#### [ABOUT THIS TASK]
Could you print exactly the lines from the one that contains "アイニ 河内小阪店(aini" to the end of the data, both ends included, and nothing else? Skip the pictures.

#### [DATA EXCERPT]
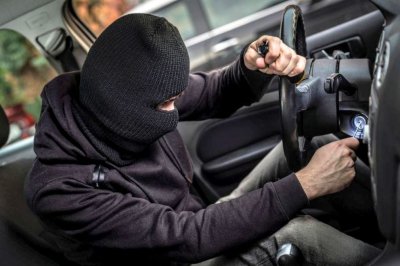 Екшън в София: Хванаха рецидист за кражби от коли, извадил нож срещу полицаите при залавянето му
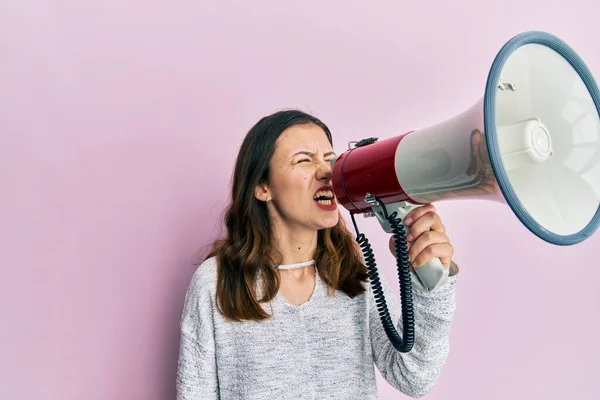 Młoda Brunetka Krzyczy Krzyczy Przez Megafon Różowym Tle — Zdjęcie stockowe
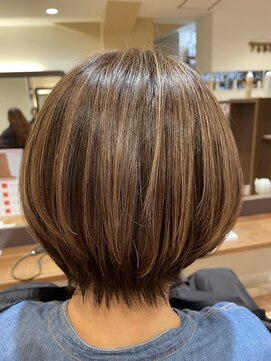 アイニ 河内小阪店(aini) 白髪ぼかしカラー白髪ぼかしハイライト大人ショート30、40、50代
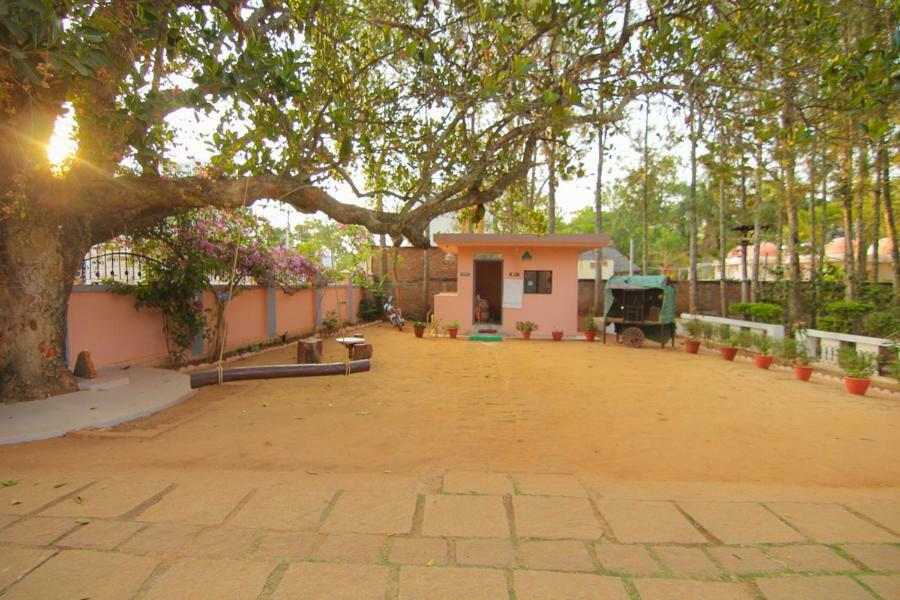 Jains Royal Palace Resorts Yelagiri Esterno foto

#### [RESULT]
 アイニ 河内小阪店(aini) 白髪ぼかしカラー白髪ぼかしハイライト大人ショート30、40、50代
 Jains Royal Palace Resorts Yelagiri Esterno foto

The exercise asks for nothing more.